What to expect from counselling sessions

If you haven’t been to counselling before you may be unsure of what to expect, so I’m hoping to take away some of the mystery by offering an insight into what happens during sessions.

Firstly, it is worth remembering that counselling is a talking therapy.  I may ask you questions for clarification or as a prompt, but you are expected to do most of the talking!
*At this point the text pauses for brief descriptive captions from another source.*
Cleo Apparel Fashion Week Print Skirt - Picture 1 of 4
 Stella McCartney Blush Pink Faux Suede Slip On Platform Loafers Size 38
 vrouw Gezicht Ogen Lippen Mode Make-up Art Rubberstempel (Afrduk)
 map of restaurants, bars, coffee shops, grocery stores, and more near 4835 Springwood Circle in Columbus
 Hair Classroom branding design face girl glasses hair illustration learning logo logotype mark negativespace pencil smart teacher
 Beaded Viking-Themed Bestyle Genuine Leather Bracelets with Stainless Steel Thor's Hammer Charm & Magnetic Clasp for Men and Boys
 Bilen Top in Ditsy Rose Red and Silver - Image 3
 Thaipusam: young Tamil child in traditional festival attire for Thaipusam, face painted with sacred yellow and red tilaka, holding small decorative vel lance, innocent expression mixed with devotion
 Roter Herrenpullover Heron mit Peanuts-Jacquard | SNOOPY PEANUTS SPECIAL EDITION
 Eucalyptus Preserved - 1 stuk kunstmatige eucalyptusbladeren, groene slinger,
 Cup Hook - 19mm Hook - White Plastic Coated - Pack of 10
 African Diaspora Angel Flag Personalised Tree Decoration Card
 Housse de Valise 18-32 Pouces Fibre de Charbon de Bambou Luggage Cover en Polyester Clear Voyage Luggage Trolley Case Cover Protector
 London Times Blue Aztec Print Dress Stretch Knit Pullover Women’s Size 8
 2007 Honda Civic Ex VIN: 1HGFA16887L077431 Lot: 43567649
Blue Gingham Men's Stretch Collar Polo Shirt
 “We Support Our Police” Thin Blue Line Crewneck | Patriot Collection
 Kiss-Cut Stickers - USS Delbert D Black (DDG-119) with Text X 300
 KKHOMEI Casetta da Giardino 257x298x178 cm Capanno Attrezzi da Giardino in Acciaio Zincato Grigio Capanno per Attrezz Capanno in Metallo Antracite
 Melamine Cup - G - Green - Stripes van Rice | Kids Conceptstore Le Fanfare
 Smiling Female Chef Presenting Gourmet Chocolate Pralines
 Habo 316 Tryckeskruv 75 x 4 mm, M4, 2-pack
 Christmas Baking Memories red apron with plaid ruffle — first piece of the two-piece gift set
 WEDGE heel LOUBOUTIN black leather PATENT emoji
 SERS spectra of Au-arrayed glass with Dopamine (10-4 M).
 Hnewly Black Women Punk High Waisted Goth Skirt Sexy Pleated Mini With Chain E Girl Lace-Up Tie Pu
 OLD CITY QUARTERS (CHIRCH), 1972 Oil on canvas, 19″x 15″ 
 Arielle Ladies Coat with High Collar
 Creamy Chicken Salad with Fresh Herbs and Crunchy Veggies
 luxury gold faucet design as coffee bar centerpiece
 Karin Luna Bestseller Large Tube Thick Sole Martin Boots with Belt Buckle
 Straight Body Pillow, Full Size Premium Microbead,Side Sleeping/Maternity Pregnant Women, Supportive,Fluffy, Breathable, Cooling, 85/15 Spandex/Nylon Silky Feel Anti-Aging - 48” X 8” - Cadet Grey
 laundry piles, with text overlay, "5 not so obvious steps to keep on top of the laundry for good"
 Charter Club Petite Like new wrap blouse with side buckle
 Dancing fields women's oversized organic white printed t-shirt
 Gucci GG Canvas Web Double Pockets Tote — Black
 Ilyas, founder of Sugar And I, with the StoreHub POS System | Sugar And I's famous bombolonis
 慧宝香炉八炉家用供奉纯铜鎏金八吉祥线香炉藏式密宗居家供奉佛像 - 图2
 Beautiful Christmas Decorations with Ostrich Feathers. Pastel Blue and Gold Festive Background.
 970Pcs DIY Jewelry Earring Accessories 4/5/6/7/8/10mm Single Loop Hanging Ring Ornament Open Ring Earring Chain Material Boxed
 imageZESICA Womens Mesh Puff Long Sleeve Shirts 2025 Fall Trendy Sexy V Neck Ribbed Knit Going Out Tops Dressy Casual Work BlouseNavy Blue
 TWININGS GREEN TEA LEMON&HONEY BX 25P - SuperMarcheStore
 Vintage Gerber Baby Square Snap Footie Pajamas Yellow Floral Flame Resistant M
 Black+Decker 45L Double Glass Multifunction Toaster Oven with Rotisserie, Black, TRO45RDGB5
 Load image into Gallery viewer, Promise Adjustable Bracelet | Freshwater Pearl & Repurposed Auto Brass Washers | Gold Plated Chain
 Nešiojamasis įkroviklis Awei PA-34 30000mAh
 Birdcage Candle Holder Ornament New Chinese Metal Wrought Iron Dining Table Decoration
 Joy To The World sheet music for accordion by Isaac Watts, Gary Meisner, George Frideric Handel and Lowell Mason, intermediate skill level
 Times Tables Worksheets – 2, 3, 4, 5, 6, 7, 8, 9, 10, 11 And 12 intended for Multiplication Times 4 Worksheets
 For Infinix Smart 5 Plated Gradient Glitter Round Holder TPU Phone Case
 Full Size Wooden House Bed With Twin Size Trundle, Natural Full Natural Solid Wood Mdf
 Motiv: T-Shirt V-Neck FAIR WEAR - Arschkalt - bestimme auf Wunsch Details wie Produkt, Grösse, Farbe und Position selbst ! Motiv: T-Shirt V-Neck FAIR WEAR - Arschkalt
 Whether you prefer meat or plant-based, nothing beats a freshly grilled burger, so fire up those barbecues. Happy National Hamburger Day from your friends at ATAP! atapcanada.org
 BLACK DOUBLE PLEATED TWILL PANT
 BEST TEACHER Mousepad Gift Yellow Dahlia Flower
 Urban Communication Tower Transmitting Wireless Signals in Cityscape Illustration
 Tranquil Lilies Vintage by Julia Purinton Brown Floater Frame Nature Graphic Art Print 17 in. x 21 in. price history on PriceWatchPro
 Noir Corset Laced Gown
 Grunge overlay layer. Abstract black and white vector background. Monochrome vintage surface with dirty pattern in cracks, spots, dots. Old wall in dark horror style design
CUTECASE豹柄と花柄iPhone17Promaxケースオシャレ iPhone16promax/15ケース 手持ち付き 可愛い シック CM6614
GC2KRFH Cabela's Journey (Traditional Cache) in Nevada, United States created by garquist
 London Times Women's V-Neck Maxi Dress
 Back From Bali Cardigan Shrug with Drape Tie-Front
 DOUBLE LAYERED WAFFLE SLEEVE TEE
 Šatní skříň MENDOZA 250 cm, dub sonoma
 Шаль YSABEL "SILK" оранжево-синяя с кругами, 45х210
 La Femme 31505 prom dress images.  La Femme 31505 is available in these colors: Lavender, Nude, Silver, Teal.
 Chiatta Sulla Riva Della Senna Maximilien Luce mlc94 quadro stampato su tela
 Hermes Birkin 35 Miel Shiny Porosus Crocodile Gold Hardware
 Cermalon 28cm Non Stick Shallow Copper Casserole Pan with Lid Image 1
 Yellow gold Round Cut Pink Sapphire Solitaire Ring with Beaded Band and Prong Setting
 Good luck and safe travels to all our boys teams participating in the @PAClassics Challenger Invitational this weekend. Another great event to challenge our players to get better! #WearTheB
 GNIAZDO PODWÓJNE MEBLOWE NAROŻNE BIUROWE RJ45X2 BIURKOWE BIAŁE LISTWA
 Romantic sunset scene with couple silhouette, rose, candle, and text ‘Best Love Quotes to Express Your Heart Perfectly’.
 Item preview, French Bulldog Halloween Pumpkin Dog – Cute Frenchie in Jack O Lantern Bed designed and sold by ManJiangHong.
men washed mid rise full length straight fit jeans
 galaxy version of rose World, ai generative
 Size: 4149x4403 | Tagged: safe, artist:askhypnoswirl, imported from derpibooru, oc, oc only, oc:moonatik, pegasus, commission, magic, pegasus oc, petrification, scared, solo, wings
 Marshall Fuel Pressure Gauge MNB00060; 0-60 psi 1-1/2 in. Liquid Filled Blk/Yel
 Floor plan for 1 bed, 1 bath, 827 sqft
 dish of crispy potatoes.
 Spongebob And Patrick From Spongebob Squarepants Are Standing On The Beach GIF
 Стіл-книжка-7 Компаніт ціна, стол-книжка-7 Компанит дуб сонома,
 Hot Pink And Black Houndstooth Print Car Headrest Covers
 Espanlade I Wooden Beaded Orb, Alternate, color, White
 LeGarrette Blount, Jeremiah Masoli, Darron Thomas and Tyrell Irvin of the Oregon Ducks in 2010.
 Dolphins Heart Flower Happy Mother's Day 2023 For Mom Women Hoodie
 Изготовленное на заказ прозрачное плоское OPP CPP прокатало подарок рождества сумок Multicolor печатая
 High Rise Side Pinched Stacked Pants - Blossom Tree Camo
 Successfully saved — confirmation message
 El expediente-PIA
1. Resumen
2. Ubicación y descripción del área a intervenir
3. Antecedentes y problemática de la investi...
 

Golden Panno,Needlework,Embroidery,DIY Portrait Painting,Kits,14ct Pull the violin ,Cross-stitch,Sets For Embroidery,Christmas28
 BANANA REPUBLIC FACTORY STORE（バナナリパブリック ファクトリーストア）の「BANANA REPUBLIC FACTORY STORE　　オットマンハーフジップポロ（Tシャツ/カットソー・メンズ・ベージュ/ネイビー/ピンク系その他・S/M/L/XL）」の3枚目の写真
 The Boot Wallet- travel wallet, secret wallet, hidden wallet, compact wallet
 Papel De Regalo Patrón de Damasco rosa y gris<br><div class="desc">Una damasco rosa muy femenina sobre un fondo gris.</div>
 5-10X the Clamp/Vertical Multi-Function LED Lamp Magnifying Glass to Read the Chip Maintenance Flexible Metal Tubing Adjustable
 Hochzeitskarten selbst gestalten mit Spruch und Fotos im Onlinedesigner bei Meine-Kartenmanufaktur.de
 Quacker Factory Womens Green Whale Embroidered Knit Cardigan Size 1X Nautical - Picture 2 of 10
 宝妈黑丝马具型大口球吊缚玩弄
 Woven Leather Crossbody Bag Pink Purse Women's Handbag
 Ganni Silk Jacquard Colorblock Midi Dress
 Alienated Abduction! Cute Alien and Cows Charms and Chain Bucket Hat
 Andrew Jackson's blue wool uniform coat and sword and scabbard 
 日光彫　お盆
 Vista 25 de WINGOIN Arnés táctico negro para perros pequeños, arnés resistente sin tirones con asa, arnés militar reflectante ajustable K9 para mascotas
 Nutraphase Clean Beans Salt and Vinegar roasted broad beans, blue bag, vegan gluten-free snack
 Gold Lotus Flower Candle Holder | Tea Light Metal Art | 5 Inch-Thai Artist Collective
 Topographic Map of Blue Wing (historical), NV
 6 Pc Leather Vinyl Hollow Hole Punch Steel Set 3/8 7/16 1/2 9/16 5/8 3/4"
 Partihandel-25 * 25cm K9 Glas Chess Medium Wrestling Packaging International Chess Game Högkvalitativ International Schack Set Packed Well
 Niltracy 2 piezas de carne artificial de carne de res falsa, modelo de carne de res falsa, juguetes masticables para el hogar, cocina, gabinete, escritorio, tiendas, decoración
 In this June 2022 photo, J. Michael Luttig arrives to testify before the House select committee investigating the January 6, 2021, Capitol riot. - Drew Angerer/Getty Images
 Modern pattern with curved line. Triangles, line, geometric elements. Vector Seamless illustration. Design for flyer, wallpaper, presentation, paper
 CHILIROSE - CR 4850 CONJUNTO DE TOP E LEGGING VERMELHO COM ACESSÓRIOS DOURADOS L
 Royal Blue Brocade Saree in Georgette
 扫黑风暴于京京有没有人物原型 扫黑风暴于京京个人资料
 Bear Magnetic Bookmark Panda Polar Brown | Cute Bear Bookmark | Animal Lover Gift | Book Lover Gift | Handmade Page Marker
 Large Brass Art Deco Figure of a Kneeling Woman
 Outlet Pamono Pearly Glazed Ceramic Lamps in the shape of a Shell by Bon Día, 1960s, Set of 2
The aim of counselling is to provide you with a confidential relationship to explore personal issues in a safe environment.  The counsellor’s role is to help you through this process, without judgement or telling you what to do, by attempting to understand your experience from your personal perspective.  However, if advice is what you want, I can provide you with details of organisations that may help.

The first session
During the first session we will go through the counselling agreement (contract), which outlines the boundaries in our counselling relationship (you will be sent a copy of your counselling agreement to look at before your first session).  We will also talk about what has brought you to counselling, what you would like to get out of our sessions, and how we might work together to best support you get to where you want to be.  This first session gives us a chance to find out whether we feel we could work well together.  After the first session, you may decide that counselling isn’t for you, or that I’m not the right counsellor for you.  If this is the case, you are under no obligation to have any further sessions.

The following sessions
In subsequent sessions, you are free to talk about whatever you wish to bring.  These are your sessions, so I don’t set an agenda or tell you what to talk about – I just meet you where you are at that moment in time and we take it from there.  Counselling tends to be more effective if attended on a weekly basis, as each session builds on the work of the previous session, and long gaps between sessions can cause a loss of momentum and can make it harder for you to progress.  Counselling can also be a long process, and so you need to be committed to attending regularly to achieve the full benefit from it. As a guide, a minimum of 6 sessions is recommended to begin with.

The last session
​The end of therapy is important, as it gives us a chance to reflect on your journey – how far you have come, what has worked, what hasn’t, what you’ve learned, and how you move forward.  It allows us to bring everything to a close and to say goodbye.